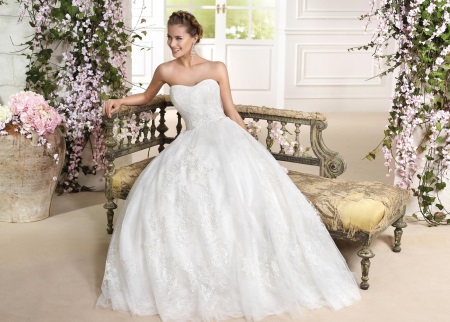 Wedding Dress ni Fara Sposa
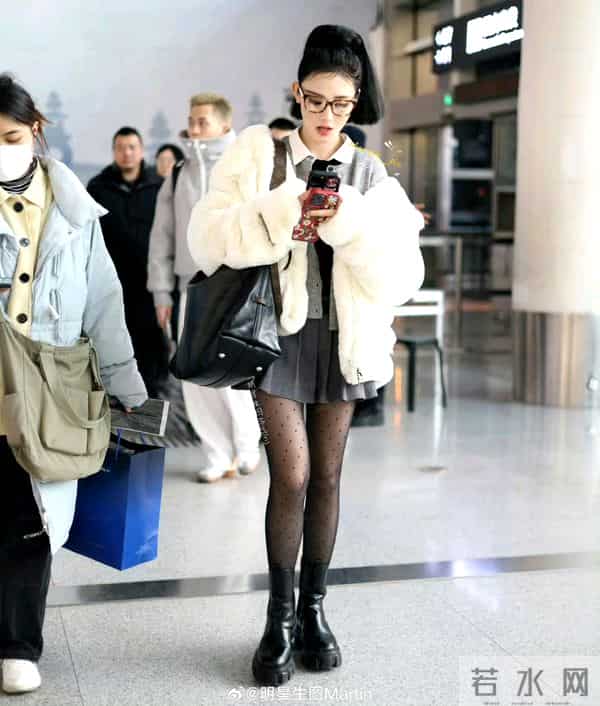 彭小苒 ,有千禧年韩国女团那味了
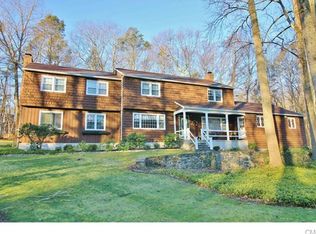 61 Country Ln, Milford, CT 06461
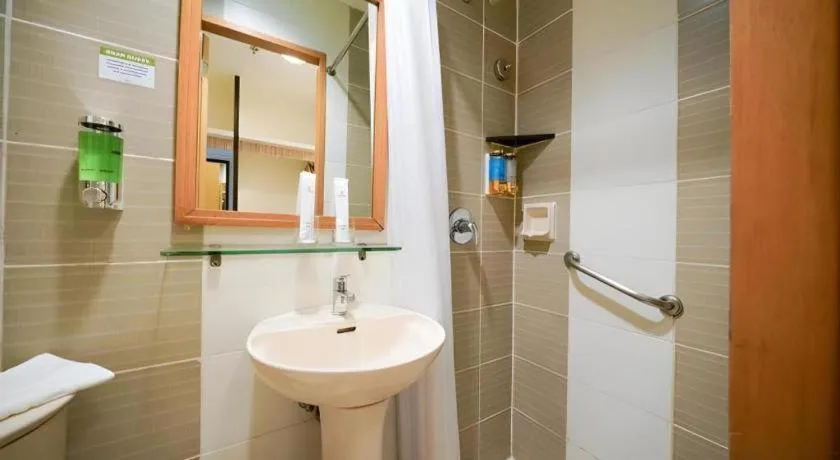 Majestic Hotel Manila - Formerly Octagon Mansion Hotel Manila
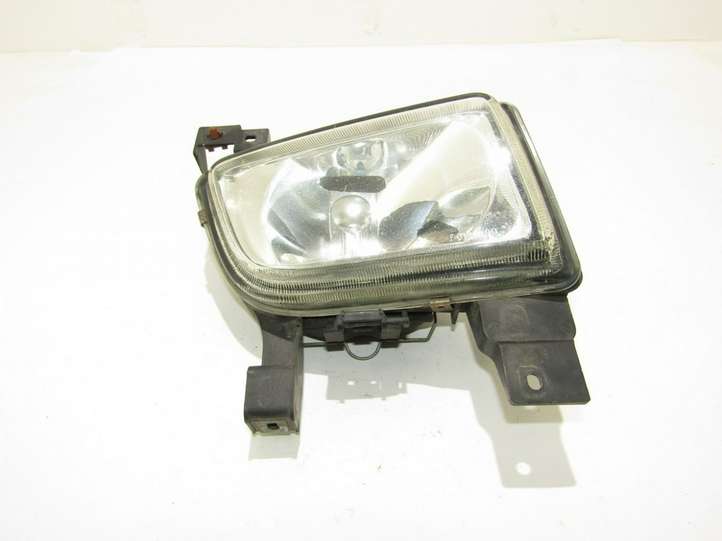 Mazda Premacy (1999 - 2005)   Передняя противотуманная фара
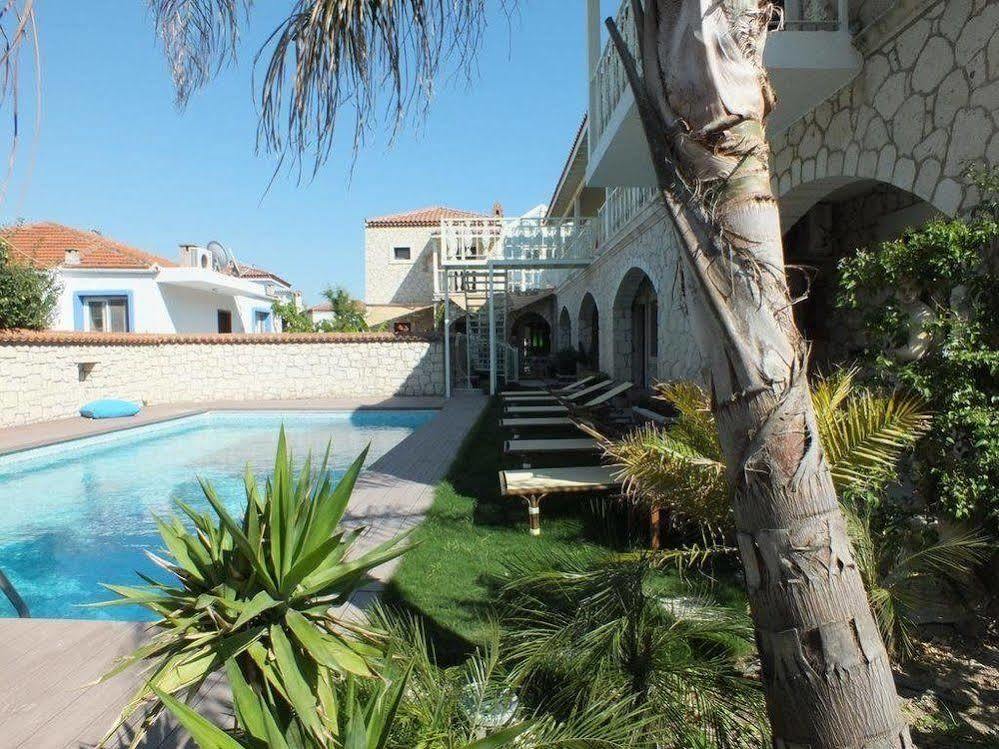 Nobela Hotel ألاتشاتي المظهر الخارجي الصورة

□ □ □

**DESCRIPTION OF THE TASK**
Only what runs from the line with "Mazda Premacy (1999" through the last line of the listing above belongs in the answer, set down exactly and free of pictures.

**RESULT**
 Mazda Premacy (1999 - 2005)   Передняя противотуманная фара
 Nobela Hotel ألاتشاتي المظهر الخارجي الصورة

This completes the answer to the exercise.